The Police Health Plan provides the cover for you and your family when you need it most.
Independently owned and operated by Police Health Plan Limited, a subsidiary of the Police Welfare Fund, our Health Plan is focused on the health of members and their families.
About the plan
All plans include Surgical as your base cover which covers the cost of surgical procedures (conditions apply). You can then choose to add either the Basic or Comprehensive Plan on top of this for additional benefits such as optical, dental, audiology on the Comprehensive Plan.
PLEASE NOTE WE REQUIRE 10 DAYS TO PROCESS PRE-APPROVALS.
We process the health claims on-site with a dedicated team who aim to refund your claims into your nominated bank account within 10 working days. Approved surgeries are paid directly to the health care provider on your behalf.
Who can join
Police Health Plan is part of the Police Welfare Fund members package. You can also join your partner, children and grandchildren (including daughters/sons-in-law). For further details see Membership Conditions.
How to apply
You need to be a member of the Police Welfare Fund to join the Police Health Plan. If you are not a Police Welfare Fund member join here.
What is a Pre-Existing Medical Condition?
Pre-existing Medical Condition - Is any health sign, symptom or condition occurring or existing before the policy commencement date, or in relation to any policy upgrade after the policy commencement date, before the date of upgrading, or in relation to any spouse or child/ren member added to the policy after the policy commencement date, before the spouse or child/ren member was added to the policy.

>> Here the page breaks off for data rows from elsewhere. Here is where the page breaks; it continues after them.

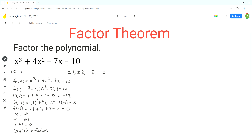Next, we should divide the given polynomial by the factor x plus 1 to find the quotient for this polynomial division. We can use polynomial long division or synthetic division. I'll use synthetic division because it's easier and faster. We start by writing the coefficients of the terms in the given polynomial expression. Then we write the x value for which the function value is equal to 0 — that's negative 1.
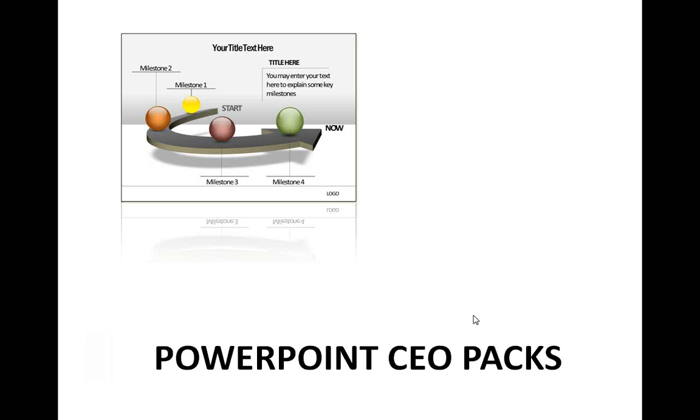However, you may not always have the time to create such high-quality graphics from scratch, especially when you have looming deadlines. That is the reason why we came up with our PowerPoint CEO Packs.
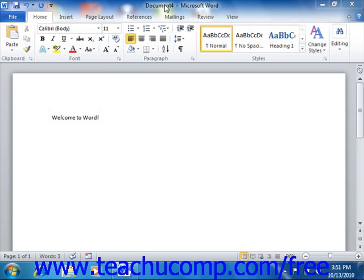The title bar is the bar that runs across the top of the window. The name of the document that you're working on will be displayed here. At the right end of the title bar are three buttons in a button group.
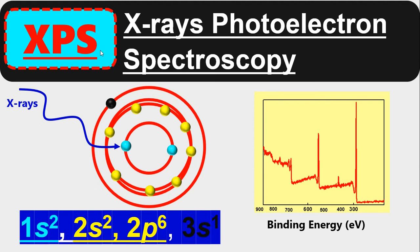Let's discuss XPS. XPS stands for X-ray photoelectron spectroscopy.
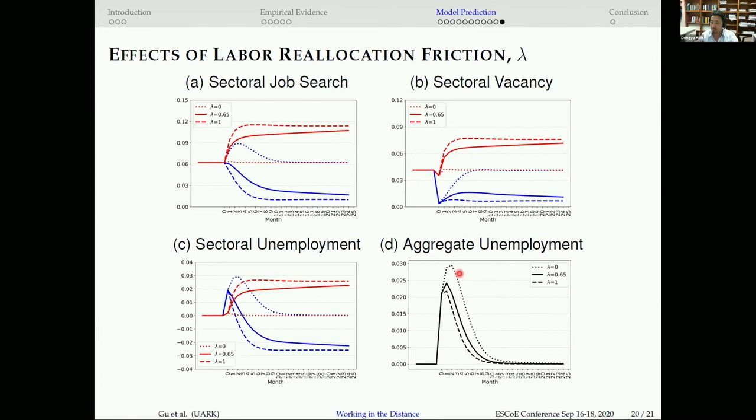To conclude: more adaptive industries to social distancing have less decline in employment and productivity to pandemic shocks, and dispersion is larger for less adaptive industries. Given this empirical evidence, sector differences in adaptability induce labor relocation, but imperfect labor mobility can cause long-lasting economic recovery. That's my paper and I'm happy to take questions.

This includes any condition that occurs or exists at any time and relates to a sign, symptom or circumstance of which the member was aware, or ought reasonably to have been aware, at the policy commencement date or at the date of the upgrading, or at the date the member was added to the Policy.
We offer a reduced premium for selecting a voluntary excess. This excess applies to all surgical procedures, not including Surgery with a GP, Private Medical Hospital Admission, and the Public Hospital Cash Benefit.

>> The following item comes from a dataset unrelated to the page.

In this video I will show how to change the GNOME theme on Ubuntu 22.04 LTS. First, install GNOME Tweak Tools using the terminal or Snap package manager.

Changing your Police Health Plan cover
You can amend your cover (e.g. change plans or your excess) and add a partner, and/or child or grandchildren to your existing cover.
Changing your excess
The excess applies from the date you pay the new premium.
If you choose to switch to a lower or no-excess option, a 90-day stand-down period will apply before the lower or no-excess option commences and all conditions that were existing under the previous higher voluntary excess, will still incur the higher excess, regardless of when any procedure on this condition is carried out.
The Benefit Year
The benefit year is from 1 July to 30 June. There are annual maximums you can claim up to. All claims are debited against the the benefit year the treatment was received.
GST is included.
Please be aware we are collecting and holding sensitive personal health information. If you the primary member for your plan, please do not share your password otherwise your personal data could be visible to others.
Our aim is to provide you the highest level of service possible however, we recognise that there is always room for improvement and at times we may encounter a problem. If you have a concern or complaint we will try to resolve them as quickly as possible. Our following process aims to address your concerns.
- Tell us your concerns. You can call us on 0800 500 122 to speak to a member of our Member Services team.
- If your complaint has not been resolved by Step 1, you can put your concerns in writing by emailing [email protected] or by letter to PO Box 12344, Thorndon, Wellington 6144. Our Complaints team will investigate your concern and respond to you in writing within 5 business days.
- If we require more time to investigate your concern, we will contact you about the extended timeframe and endeavour to provide you with a written decision within 10 working days of your contact.
- If you are still dissatisfied with the outcome of our complaints process, you can refer your complaint to the Insurance & Financial Services Ombudsman Scheme (“IFSO Scheme”). This is a free, independent dispute resolution service which will consider your complaint and, either reach an agreed outcome, or make a decision. At this stage we will provide you with a deadlock letter. You can contact the IFSO office within 2 months from the date of the deadlock letter. If we fail to provide you with a deadlock letter, you must contact the IFSO within 3 months of the date of your original complaint.
See www.ifso.nz or call 0800 888 202 for information on the IFSO Scheme.